*TRY IT:*
In the material below, find the line with "Tingkatkan Standar Keselamatan" and the line with "Borough Silk Top - BLACK", then output both and every line between them exactly, omitting pictures.

*INPUT DATA:*
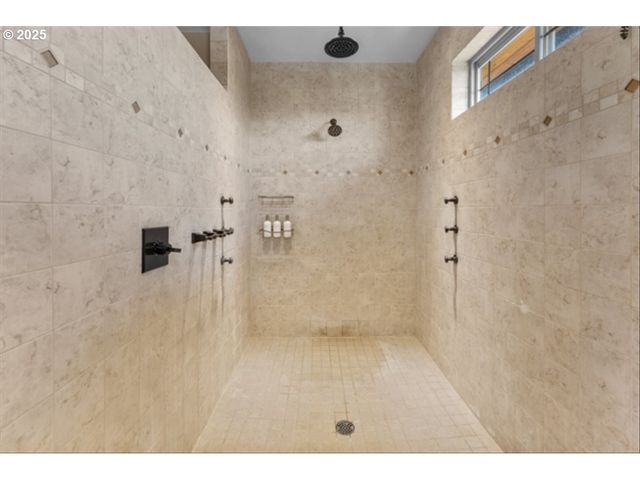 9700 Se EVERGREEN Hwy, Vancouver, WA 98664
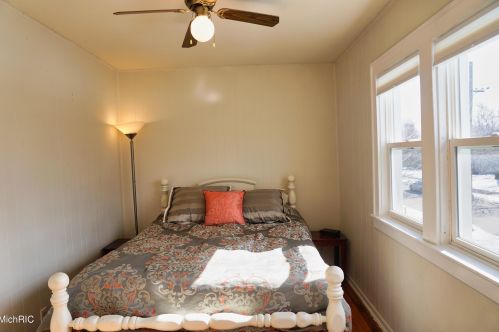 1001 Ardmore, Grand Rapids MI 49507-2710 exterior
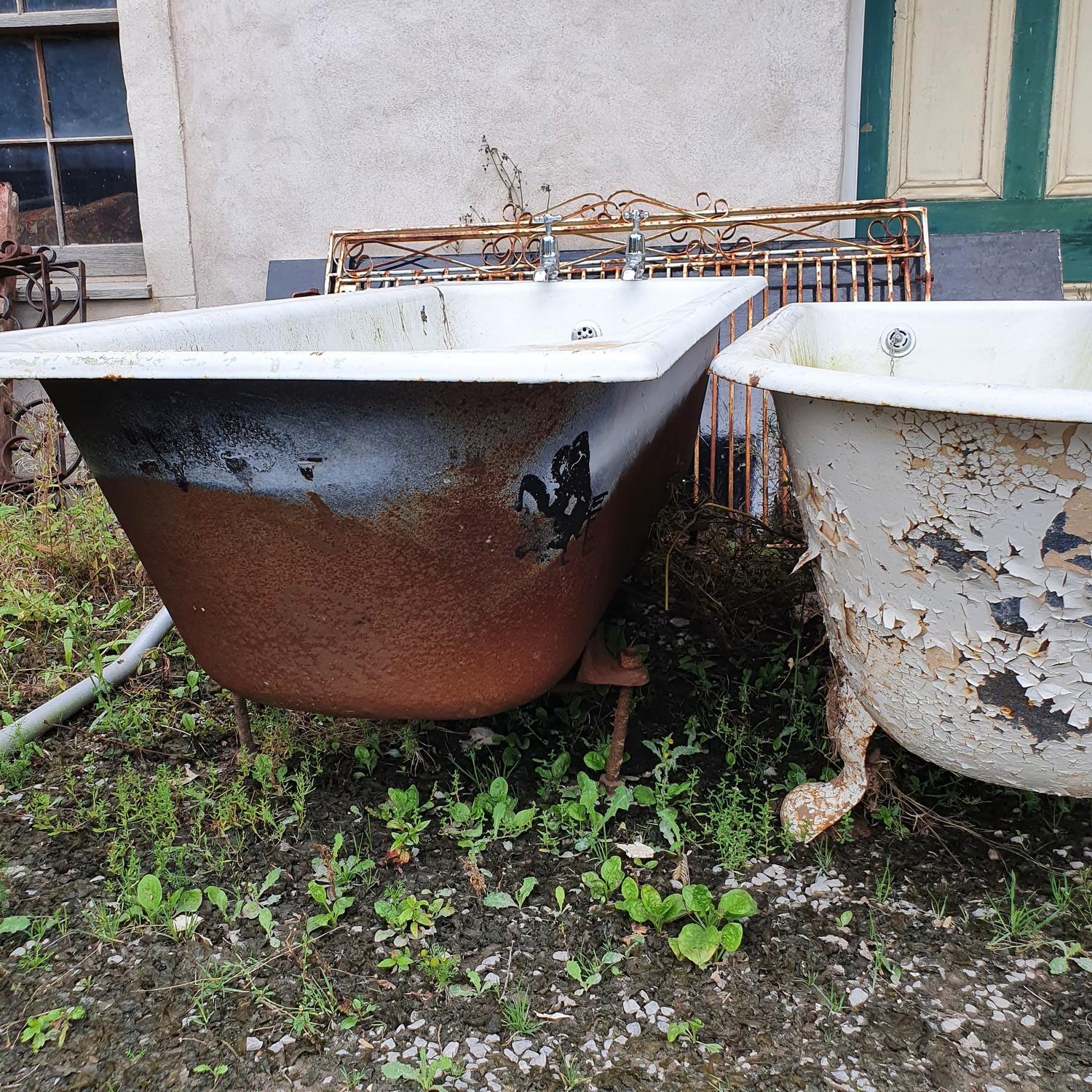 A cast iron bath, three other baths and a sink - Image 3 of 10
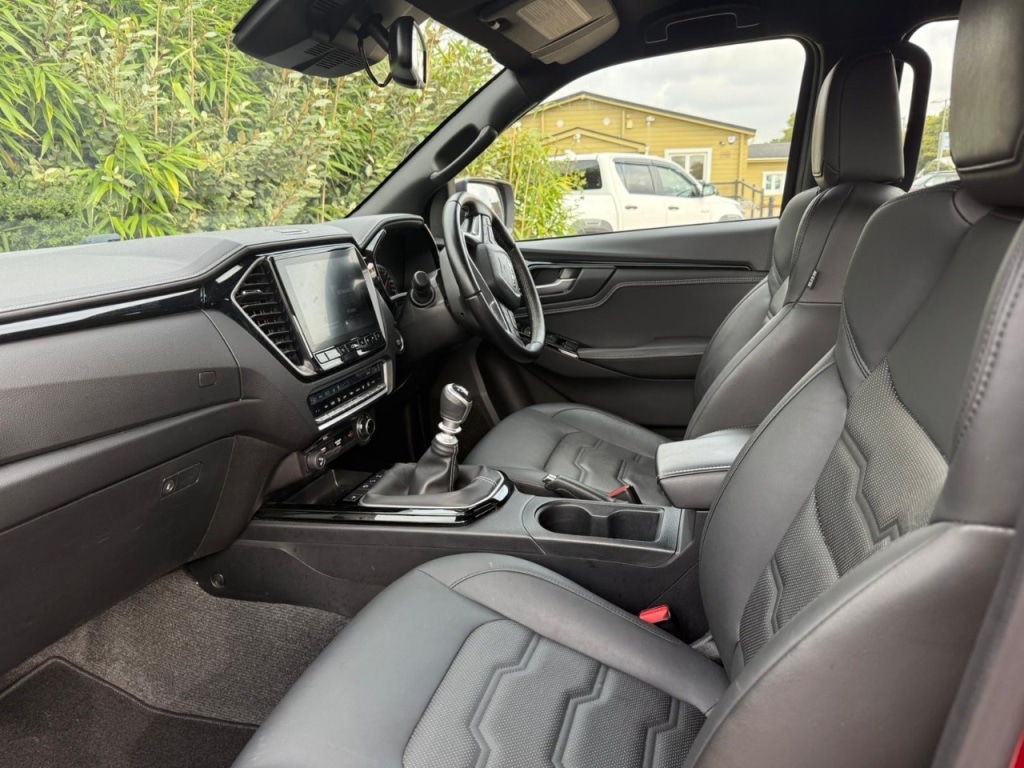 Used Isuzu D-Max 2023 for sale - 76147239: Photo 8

==

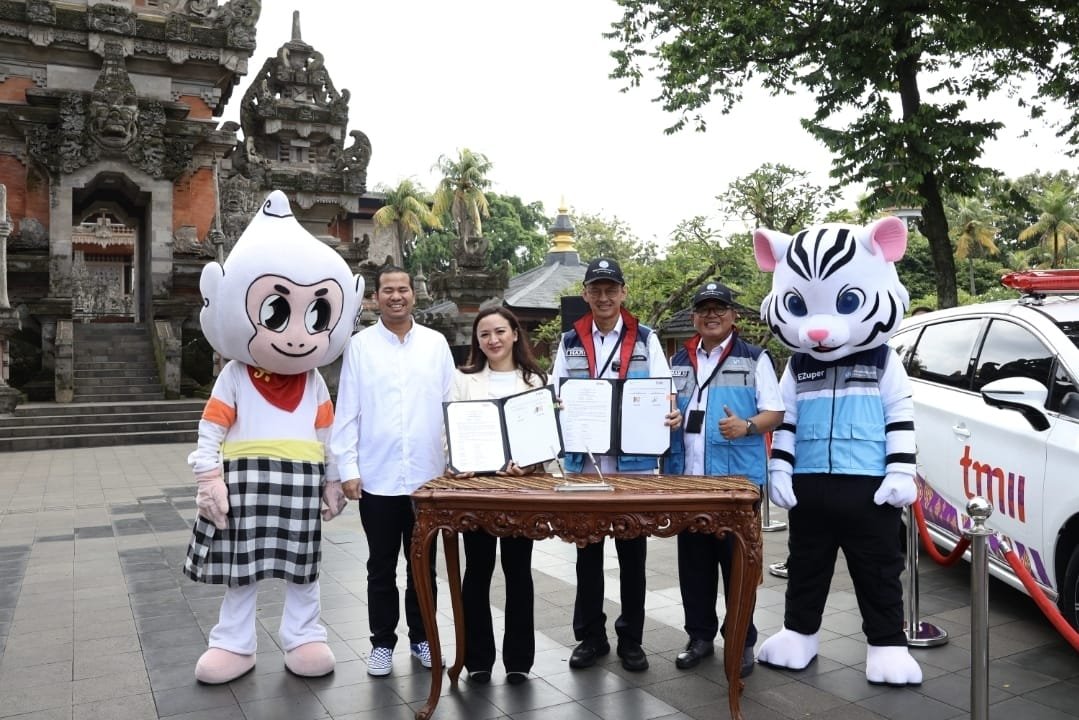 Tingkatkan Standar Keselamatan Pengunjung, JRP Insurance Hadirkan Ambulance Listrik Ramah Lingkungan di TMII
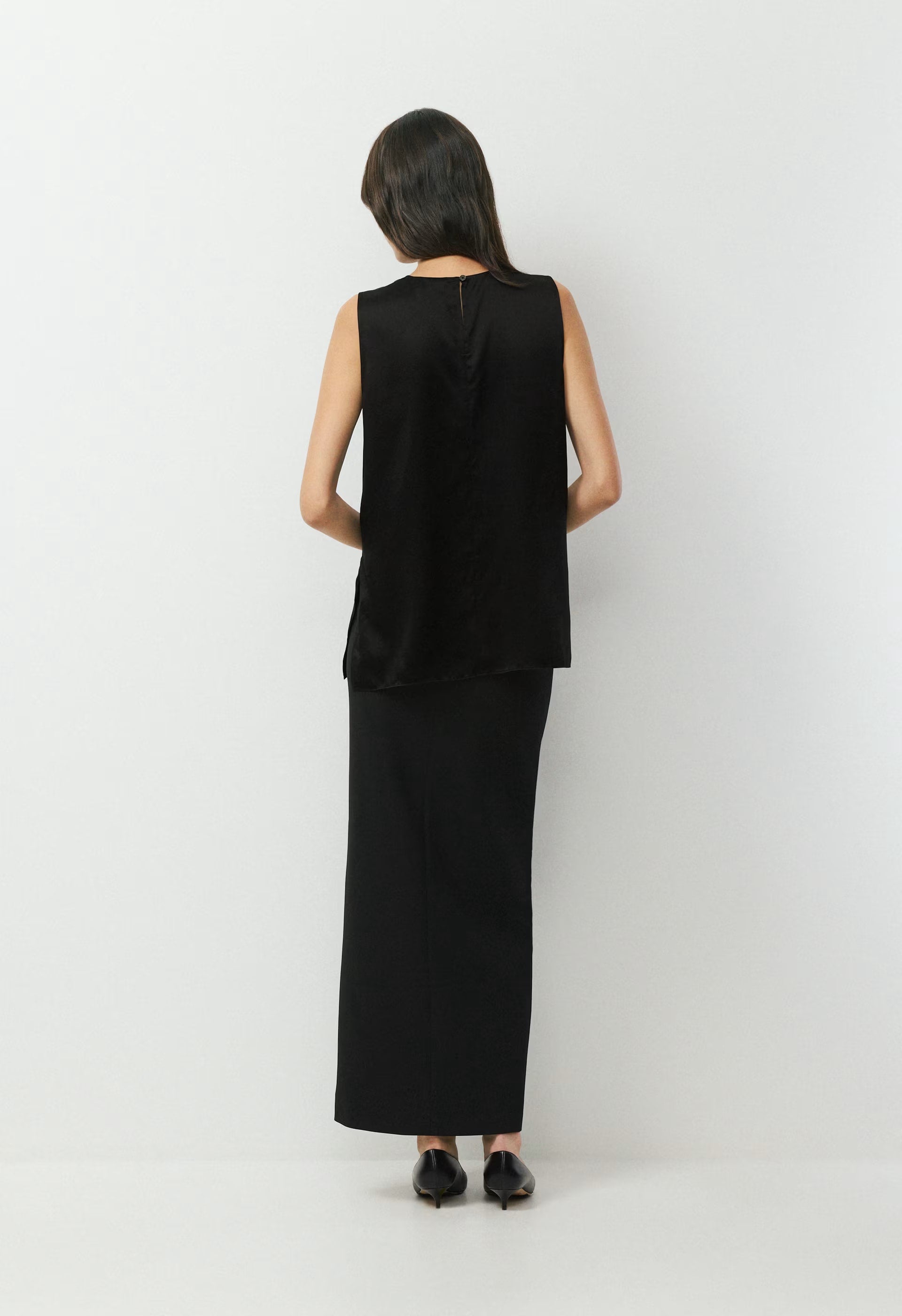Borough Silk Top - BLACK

*WRITTEN RESPONSE:*
 Tingkatkan Standar Keselamatan Pengunjung, JRP Insurance Hadirkan Ambulance Listrik Ramah Lingkungan di TMII
Borough Silk Top - BLACK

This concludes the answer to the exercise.